WHAT IS NEEDED => Pictures excluded, copy all of the data below exactly.

RECORDED DATA =>
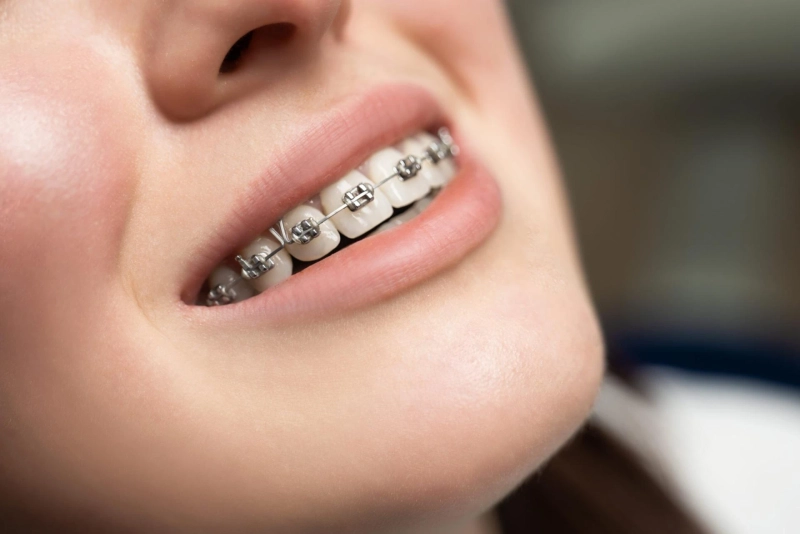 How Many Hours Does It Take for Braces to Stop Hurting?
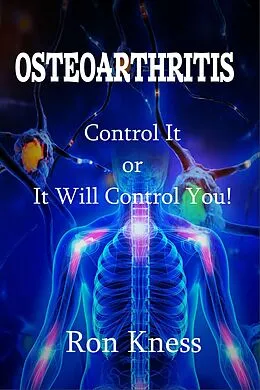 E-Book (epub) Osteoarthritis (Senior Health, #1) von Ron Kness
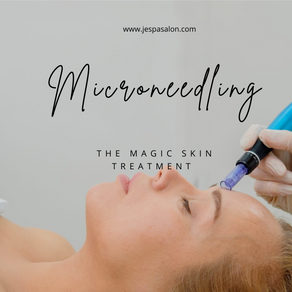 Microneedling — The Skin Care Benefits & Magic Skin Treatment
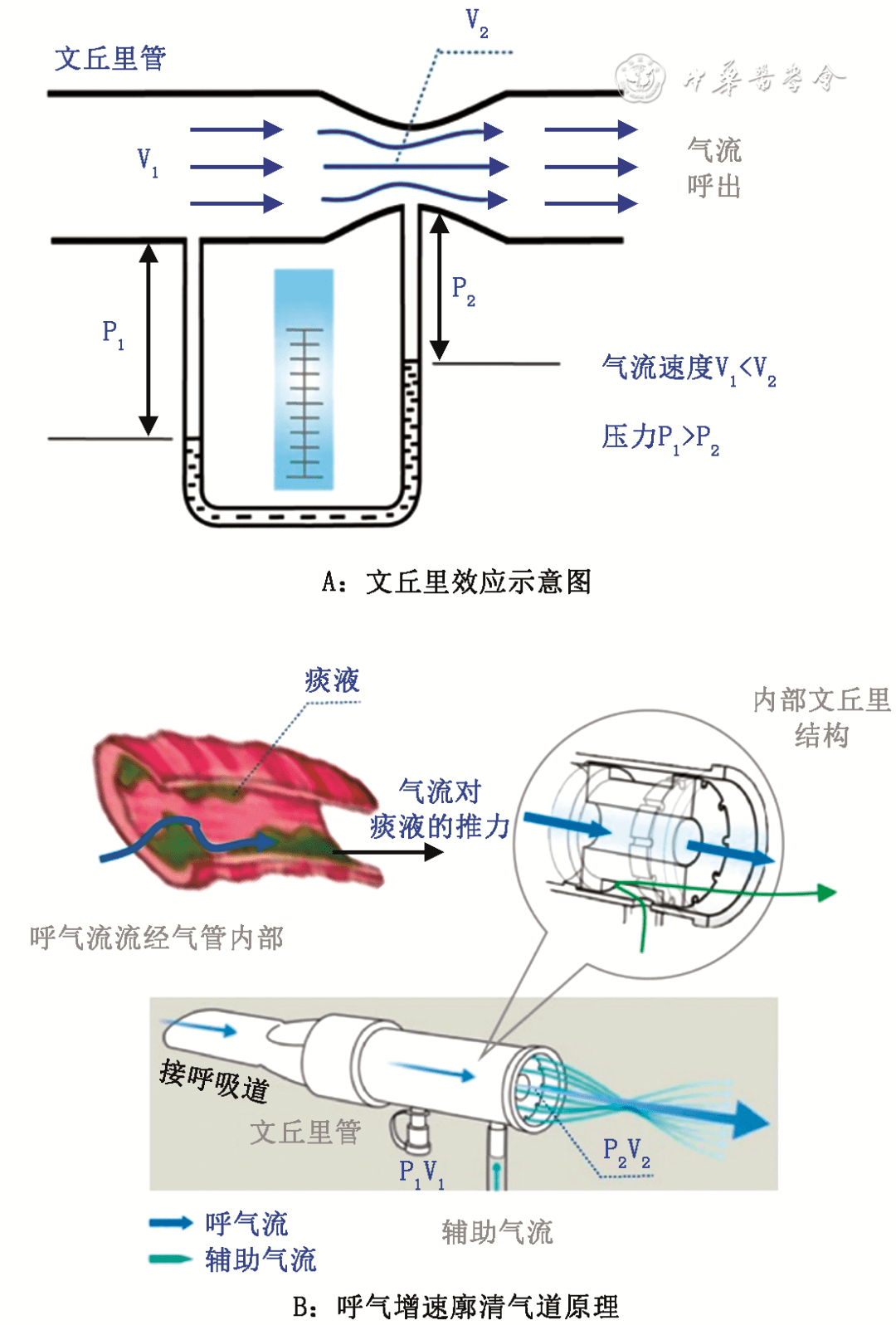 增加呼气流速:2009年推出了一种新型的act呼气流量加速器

ANSWER AREA =>
 How Many Hours Does It Take for Braces to Stop Hurting?
 E-Book (epub) Osteoarthritis (Senior Health, #1) von Ron Kness
 Microneedling — The Skin Care Benefits & Magic Skin Treatment
 增加呼气流速:2009年推出了一种新型的act呼气流量加速器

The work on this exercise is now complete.